Using an existing (non-PHP) IR/search system

You could (as suggested in @Charles's answer) use something like ElasticSearch, or host your own Lucene (https://lucene.apache.org) or Sphinx environment. Unfortunately, these solutions have some fairly hefty drawbacks (particularly if your site is somewhat small):

  1. You will need to provide these various engines with an index. Which may (depending on your application), be as simple as munging an RSS-feed of 'posts' or 'pages' etc. But it could also be fairly complex, if you have a large site with no underlying structure/DB to get index data from.

  2. These search engines will need to be hosted, either on a VPS, other server or (as with ElasticSearch) some SaaS platform. This would obviously add additional expense to your efforts.

Implement (or plug-in) a tag-based search

Tag based searching (ala SE), may be easier as it allows your users to construct the index for you. Whenever a member tags something, it gets added to a database which can then be searched for the member search. The obvious cons here are that:

  1. This burdens your users with the construction of the index, which may harm reliability, etc.

  2. Searching for tags and doing full text search are very different things. Your members may miss a lot of untagged results which may be relevant.

However, on the plus side this is probably cheaper than the first option, and may be quicker to implement than the next.

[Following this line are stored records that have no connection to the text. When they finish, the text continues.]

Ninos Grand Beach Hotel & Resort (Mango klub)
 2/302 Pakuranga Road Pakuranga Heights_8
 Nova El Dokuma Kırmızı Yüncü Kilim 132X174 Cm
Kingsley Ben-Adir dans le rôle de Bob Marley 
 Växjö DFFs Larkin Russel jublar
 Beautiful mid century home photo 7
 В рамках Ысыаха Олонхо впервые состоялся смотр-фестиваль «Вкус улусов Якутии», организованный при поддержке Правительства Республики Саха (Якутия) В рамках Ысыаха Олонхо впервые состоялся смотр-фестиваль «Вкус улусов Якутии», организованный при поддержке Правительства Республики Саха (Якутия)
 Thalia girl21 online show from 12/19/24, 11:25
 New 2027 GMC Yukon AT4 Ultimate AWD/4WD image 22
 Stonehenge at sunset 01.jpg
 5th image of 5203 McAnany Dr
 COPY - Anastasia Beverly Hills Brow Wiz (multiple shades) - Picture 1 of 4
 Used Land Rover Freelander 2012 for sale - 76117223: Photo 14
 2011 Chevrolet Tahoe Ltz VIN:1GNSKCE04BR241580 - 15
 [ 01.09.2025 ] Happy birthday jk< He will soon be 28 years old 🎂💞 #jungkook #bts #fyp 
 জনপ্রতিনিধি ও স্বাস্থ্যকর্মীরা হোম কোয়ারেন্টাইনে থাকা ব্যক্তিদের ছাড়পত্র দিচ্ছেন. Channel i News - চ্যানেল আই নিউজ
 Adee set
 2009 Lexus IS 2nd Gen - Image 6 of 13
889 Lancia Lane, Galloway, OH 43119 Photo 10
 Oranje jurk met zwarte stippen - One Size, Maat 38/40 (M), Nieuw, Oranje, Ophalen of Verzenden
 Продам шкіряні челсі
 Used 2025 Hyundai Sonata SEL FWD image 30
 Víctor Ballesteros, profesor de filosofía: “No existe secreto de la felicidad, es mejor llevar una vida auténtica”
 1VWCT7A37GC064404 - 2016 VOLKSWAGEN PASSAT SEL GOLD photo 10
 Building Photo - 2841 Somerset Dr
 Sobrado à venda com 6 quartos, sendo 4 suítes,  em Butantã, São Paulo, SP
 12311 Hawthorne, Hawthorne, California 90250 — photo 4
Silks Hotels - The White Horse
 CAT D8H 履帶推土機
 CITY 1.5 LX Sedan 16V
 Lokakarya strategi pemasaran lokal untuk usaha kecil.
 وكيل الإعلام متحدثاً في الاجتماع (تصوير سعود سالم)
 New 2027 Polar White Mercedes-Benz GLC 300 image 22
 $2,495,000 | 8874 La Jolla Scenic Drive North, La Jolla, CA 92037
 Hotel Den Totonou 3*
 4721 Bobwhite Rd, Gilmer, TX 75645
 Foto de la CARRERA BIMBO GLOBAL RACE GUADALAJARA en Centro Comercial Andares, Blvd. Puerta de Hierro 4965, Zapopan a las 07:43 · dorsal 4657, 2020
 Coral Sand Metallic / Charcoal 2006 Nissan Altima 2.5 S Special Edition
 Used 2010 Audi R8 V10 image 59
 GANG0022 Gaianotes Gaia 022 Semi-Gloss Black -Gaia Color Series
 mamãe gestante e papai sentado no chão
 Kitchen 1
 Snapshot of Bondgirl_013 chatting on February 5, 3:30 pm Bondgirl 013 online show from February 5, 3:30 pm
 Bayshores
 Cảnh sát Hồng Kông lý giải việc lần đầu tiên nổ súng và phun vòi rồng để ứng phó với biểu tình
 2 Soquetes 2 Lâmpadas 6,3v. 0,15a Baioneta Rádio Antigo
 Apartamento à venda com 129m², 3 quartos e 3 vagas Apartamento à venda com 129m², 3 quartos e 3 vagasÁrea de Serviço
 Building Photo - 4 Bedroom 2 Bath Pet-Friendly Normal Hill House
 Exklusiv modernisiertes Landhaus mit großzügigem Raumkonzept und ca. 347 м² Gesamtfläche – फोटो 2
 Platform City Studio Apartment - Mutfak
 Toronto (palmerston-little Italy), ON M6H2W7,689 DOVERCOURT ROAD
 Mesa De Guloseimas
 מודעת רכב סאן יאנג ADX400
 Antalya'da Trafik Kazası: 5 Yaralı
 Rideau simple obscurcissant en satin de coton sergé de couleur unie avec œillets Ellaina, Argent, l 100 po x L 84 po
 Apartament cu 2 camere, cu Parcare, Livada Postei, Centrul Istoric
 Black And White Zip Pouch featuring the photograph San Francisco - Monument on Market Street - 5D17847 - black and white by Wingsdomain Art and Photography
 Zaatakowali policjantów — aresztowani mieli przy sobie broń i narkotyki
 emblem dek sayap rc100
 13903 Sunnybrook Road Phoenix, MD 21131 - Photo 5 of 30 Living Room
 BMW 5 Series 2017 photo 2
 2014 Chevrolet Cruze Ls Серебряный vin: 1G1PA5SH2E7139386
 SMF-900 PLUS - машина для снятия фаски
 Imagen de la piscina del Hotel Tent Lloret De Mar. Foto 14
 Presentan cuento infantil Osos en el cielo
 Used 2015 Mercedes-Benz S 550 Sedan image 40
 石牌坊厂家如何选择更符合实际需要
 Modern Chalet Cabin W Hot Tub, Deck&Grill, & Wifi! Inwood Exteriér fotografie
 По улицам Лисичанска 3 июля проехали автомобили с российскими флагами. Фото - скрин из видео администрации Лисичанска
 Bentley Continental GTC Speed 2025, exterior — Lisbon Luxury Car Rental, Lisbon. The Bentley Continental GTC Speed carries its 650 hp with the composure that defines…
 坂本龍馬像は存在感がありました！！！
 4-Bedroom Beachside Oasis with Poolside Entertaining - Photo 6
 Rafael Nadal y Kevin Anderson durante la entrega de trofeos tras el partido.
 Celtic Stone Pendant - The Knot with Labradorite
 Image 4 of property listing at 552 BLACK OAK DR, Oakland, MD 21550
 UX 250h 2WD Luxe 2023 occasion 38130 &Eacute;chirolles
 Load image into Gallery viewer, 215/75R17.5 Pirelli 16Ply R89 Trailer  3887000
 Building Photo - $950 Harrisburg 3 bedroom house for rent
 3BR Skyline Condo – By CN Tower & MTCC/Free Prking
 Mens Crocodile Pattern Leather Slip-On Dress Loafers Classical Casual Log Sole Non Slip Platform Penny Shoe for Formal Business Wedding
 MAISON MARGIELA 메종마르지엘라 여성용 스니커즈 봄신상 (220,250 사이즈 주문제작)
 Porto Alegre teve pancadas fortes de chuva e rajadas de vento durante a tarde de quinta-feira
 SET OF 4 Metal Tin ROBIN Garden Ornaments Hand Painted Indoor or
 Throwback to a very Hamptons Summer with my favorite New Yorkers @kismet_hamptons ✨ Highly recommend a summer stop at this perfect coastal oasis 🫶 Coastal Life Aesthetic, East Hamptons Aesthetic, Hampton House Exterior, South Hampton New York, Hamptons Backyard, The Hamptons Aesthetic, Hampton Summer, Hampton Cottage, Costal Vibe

Roll-your-own crawler/spider to make an index

As you seem to be eluding to in your comment, you could use wget, curl or PHP's file_get_contents function to retrieve your own website's URL's (with some request flag or cookie to get member's area access). Although it may seem clunky (fetching your own content), this may be easier than constructing an index yourself if there's no underlying database or model for something like Lucene to use.

Once retrieved you then just need to tokenize the data and store it in something like a database or other form of index.